**What you should do:**
Please produce a character-exact copy of the listing that follows, omitting all images.

::::::::

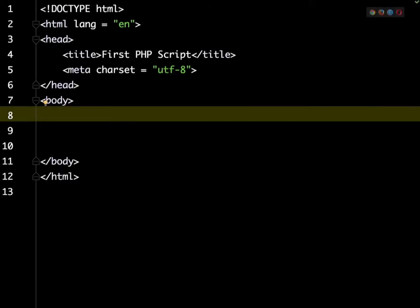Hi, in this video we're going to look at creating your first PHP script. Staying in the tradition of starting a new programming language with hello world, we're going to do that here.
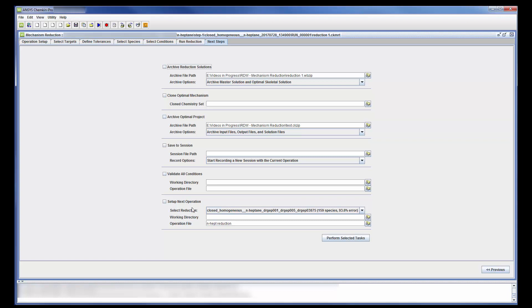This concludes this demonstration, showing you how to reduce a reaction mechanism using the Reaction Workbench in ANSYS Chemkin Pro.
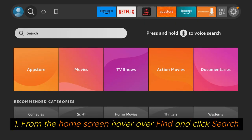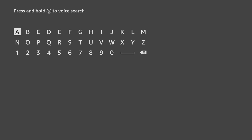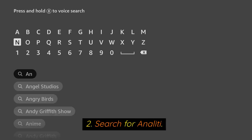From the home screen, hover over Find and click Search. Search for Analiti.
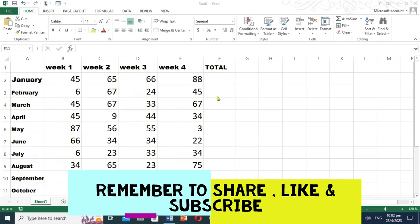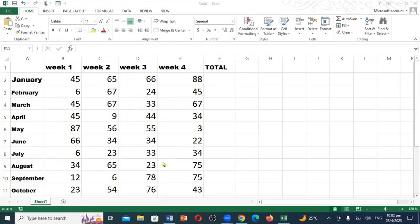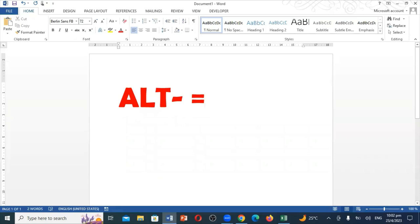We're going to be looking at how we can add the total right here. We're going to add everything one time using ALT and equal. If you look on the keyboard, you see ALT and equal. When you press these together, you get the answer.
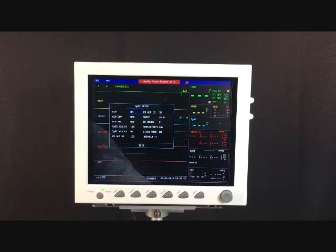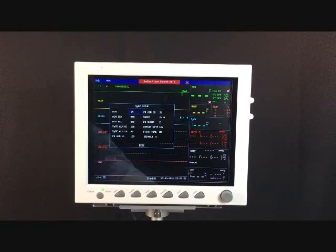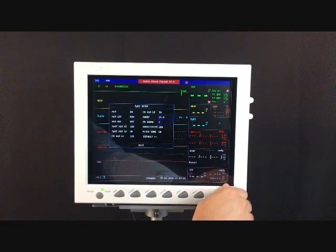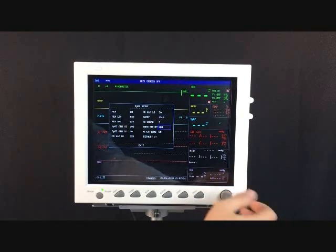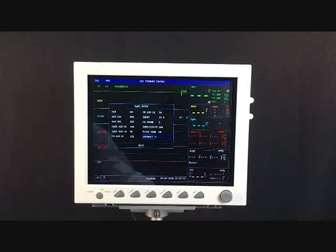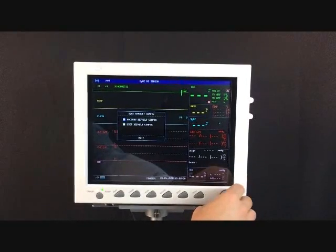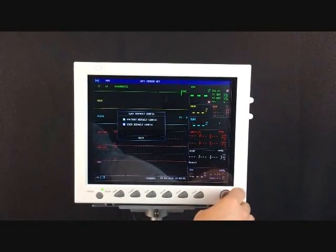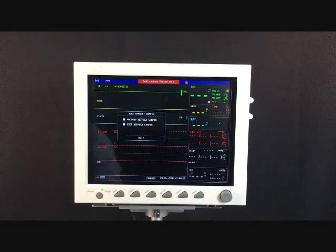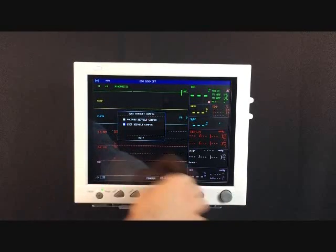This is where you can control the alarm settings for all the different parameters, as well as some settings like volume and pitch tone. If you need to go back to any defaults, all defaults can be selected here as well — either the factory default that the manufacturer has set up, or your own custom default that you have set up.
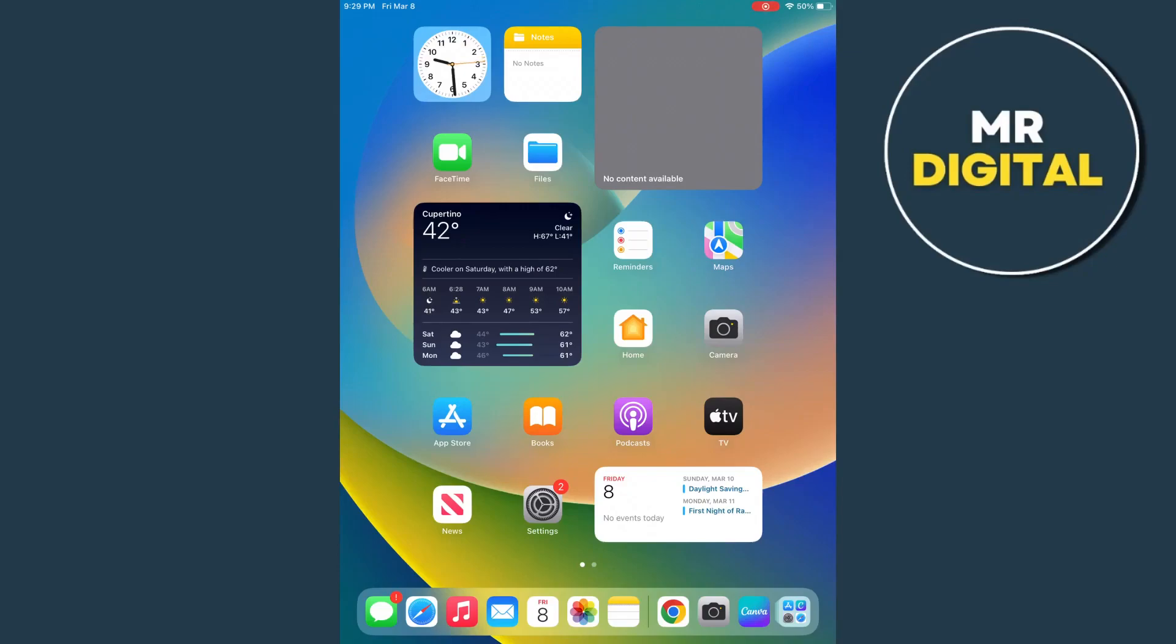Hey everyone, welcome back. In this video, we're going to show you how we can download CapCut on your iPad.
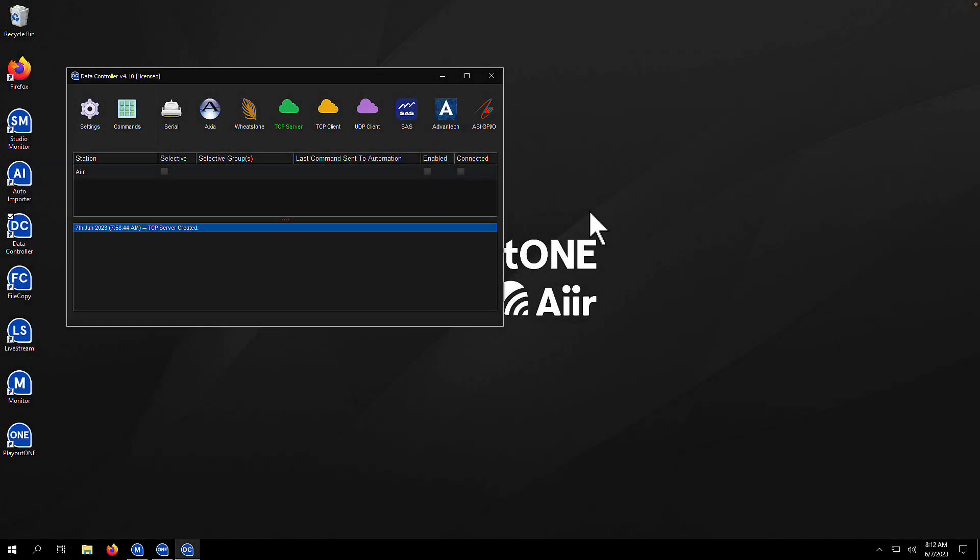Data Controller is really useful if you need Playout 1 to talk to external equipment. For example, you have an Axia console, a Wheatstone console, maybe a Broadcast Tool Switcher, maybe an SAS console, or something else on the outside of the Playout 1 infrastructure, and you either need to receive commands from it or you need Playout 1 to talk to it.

::::::::

**Response for this exercise:**
Hi, in this video we're going to look at creating your first PHP script. Staying in the tradition of starting a new programming language with hello world, we're going to do that here.
This concludes this demonstration, showing you how to reduce a reaction mechanism using the Reaction Workbench in ANSYS Chemkin Pro.
From the home screen, hover over Find and click Search. Search for Analiti.
We're going to be looking at how we can add the total right here. We're going to add everything one time using ALT and equal. If you look on the keyboard, you see ALT and equal. When you press these together, you get the answer.
This is where you can control the alarm settings for all the different parameters, as well as some settings like volume and pitch tone. If you need to go back to any defaults, all defaults can be selected here as well — either the factory default that the manufacturer has set up, or your own custom default that you have set up.
Hey everyone, welcome back. In this video, we're going to show you how we can download CapCut on your iPad.
Data Controller is really useful if you need Playout 1 to talk to external equipment. For example, you have an Axia console, a Wheatstone console, maybe a Broadcast Tool Switcher, maybe an SAS console, or something else on the outside of the Playout 1 infrastructure, and you either need to receive commands from it or you need Playout 1 to talk to it.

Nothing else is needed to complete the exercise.